Exercise prompt >> Go through the following data and transcribe exactly the stretch of lines from the one holding "अटल टनल की पट्टिका बदला गतल प्रथा : बलबीर" to the one holding "The Berserker's Second", both included.

Information shown >>
[Start of section]

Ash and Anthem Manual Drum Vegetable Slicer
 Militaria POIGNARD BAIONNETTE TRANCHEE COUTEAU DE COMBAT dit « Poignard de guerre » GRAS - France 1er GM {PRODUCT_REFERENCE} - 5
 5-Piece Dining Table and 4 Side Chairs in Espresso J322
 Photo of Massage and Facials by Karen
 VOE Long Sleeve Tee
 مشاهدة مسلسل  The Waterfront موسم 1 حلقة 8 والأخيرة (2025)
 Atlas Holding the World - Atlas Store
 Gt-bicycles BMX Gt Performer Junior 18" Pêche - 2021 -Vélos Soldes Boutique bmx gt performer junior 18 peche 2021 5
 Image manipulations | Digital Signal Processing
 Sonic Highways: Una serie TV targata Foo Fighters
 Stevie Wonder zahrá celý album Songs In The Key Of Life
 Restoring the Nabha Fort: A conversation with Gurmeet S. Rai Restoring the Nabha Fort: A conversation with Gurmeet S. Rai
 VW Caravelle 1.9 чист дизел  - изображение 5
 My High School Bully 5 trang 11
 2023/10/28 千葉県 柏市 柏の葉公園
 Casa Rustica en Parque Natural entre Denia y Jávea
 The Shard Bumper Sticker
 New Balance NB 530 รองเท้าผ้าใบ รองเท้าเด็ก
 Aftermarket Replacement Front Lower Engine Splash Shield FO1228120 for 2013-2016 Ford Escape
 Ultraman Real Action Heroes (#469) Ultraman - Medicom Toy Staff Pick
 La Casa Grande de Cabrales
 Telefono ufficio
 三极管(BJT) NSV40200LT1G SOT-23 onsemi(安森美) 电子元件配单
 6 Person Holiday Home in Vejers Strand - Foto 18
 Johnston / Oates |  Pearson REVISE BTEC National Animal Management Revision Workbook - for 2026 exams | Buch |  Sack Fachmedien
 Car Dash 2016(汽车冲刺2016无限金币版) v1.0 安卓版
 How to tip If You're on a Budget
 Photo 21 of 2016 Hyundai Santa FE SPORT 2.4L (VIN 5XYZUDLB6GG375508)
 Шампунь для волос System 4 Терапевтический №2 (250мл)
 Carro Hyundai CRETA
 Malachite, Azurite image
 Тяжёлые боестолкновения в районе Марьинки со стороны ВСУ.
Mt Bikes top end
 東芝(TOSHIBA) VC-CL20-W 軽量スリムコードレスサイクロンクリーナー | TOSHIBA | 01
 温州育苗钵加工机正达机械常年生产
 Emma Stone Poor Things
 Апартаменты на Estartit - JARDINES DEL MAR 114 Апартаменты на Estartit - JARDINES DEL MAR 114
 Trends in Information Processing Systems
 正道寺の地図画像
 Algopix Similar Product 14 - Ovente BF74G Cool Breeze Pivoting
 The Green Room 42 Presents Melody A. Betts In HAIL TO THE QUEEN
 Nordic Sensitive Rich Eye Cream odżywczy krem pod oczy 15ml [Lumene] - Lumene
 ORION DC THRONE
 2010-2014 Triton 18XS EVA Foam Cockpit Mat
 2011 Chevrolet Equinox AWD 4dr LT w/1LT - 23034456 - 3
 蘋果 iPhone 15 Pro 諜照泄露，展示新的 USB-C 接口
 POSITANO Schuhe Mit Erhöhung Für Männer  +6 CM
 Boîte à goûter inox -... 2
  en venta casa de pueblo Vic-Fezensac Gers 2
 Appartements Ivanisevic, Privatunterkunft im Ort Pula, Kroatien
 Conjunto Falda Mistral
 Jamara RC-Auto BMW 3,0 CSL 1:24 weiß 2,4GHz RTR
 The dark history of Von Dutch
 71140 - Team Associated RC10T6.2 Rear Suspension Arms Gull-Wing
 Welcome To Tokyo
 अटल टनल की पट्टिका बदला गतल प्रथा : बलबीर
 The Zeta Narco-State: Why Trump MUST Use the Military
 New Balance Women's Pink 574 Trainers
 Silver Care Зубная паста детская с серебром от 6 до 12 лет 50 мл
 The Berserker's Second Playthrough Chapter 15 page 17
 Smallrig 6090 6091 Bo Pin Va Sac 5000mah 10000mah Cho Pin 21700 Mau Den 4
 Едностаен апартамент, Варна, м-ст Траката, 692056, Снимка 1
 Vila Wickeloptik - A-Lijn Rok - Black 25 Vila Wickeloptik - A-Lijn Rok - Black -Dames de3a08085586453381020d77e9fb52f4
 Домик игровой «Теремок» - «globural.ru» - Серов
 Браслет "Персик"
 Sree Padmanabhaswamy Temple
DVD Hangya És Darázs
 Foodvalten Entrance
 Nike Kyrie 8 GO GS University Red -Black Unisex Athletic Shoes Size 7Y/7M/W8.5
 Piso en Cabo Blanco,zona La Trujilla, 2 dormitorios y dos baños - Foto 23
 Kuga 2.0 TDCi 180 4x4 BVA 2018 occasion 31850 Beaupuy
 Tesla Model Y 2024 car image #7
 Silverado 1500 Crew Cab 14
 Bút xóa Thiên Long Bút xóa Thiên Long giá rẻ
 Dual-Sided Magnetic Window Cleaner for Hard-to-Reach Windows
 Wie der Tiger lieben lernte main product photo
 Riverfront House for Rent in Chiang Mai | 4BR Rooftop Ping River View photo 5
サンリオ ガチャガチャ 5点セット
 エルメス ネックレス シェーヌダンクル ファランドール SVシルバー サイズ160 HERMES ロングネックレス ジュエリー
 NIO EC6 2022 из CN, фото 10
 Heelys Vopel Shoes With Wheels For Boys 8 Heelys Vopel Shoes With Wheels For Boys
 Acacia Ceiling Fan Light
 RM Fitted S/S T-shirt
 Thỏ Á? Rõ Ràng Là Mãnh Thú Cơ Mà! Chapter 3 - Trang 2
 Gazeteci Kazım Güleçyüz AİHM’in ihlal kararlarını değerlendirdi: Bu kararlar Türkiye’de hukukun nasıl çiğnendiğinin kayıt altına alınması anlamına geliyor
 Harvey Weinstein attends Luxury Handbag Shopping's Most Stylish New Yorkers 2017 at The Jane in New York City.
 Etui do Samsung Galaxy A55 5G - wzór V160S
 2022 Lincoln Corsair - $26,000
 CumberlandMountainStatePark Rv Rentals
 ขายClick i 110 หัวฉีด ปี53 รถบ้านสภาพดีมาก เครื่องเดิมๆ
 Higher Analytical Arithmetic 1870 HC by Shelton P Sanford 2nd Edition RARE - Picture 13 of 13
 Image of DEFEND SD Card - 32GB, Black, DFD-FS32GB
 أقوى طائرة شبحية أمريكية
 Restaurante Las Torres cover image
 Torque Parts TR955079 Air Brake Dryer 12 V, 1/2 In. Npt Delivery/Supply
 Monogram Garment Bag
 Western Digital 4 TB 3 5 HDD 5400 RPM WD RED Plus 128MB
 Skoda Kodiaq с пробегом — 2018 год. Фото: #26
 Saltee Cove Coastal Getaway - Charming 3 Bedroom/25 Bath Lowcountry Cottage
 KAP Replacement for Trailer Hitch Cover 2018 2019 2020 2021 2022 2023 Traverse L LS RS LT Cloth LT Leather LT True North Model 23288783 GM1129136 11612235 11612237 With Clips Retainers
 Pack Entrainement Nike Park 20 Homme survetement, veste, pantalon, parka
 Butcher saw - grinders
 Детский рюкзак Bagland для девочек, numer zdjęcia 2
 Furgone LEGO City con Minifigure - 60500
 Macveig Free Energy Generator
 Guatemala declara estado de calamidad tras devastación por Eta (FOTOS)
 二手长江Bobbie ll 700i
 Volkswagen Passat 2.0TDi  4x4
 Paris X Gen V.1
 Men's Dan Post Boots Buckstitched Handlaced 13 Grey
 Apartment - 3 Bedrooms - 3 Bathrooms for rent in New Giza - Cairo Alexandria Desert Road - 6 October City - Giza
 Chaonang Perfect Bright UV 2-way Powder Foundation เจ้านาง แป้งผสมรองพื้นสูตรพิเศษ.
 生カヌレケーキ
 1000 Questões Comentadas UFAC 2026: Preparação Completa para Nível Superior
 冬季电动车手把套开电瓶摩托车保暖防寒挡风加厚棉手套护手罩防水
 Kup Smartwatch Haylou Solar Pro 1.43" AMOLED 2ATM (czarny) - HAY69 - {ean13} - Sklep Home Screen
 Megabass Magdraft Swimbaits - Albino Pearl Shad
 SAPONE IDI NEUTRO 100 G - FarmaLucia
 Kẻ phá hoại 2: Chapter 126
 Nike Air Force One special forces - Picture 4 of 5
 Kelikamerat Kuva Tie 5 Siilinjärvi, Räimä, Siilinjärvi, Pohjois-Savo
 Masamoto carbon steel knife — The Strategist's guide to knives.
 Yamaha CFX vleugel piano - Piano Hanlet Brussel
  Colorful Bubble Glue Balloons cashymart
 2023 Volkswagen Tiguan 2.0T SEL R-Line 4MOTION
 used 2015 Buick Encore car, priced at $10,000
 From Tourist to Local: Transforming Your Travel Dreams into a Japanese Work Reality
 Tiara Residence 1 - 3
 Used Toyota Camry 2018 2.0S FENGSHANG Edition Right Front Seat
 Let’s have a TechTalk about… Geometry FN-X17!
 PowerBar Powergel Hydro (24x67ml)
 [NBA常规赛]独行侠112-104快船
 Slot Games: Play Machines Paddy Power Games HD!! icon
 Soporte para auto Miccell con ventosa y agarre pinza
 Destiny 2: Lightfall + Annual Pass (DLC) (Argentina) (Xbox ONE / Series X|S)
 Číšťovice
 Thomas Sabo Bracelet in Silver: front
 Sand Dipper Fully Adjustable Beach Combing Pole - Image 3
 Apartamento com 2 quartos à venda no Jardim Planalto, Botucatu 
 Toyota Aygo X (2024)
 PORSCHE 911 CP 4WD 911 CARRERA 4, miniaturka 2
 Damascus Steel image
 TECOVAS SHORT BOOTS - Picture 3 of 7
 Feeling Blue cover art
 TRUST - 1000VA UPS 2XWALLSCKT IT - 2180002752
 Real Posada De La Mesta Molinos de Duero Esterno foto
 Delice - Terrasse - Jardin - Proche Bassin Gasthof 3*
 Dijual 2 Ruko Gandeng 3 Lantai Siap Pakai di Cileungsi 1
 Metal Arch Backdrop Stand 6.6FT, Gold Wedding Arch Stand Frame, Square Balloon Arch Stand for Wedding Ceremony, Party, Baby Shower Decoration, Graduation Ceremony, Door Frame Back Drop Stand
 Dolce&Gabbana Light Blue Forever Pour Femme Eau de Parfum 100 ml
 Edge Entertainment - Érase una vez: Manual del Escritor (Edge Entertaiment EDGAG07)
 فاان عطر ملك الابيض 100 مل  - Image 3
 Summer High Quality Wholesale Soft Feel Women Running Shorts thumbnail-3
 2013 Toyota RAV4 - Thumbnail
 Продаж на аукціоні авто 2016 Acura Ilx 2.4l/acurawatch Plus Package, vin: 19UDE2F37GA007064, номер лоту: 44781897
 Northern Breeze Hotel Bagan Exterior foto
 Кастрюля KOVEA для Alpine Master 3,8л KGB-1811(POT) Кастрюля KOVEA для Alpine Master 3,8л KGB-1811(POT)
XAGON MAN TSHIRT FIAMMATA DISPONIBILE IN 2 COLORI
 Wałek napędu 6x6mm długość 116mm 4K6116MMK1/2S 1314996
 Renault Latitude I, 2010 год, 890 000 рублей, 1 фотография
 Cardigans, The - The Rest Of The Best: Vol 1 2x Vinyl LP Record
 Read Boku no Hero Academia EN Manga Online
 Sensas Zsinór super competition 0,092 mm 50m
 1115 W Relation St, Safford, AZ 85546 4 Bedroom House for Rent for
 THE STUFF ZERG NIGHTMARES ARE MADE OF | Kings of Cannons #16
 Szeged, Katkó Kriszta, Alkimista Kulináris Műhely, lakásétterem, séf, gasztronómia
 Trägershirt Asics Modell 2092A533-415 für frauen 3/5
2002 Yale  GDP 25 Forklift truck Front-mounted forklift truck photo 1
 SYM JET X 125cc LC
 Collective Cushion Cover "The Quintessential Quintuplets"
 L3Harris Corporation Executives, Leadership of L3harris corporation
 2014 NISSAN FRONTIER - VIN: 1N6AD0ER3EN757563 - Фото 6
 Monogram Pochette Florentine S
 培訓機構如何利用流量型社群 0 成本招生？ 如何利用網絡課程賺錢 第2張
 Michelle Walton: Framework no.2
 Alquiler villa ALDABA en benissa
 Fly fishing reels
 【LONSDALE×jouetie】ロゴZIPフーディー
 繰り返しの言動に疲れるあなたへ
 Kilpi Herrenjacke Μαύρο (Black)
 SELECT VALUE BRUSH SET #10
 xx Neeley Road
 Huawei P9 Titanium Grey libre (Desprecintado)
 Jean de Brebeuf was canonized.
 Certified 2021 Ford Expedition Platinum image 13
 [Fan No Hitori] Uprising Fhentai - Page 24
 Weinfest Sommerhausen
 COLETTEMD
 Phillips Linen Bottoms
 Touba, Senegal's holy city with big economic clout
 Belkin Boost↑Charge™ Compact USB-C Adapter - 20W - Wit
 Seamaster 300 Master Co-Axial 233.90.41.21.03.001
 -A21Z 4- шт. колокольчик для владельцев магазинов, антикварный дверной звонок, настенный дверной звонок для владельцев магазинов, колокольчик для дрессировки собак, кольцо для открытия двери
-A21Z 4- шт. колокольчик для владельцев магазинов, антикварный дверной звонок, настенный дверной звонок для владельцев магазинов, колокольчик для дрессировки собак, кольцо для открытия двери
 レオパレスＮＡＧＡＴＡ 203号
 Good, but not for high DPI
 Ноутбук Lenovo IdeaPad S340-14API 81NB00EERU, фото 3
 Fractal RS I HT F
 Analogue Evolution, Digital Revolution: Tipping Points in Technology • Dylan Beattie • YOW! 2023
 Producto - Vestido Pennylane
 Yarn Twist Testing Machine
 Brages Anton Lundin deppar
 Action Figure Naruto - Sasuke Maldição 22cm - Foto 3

[End of section]

Result >>
 अटल टनल की पट्टिका बदला गतल प्रथा : बलबीर
 The Zeta Narco-State: Why Trump MUST Use the Military
 New Balance Women's Pink 574 Trainers
 Silver Care Зубная паста детская с серебром от 6 до 12 лет 50 мл
 The Berserker's Second Playthrough Chapter 15 page 17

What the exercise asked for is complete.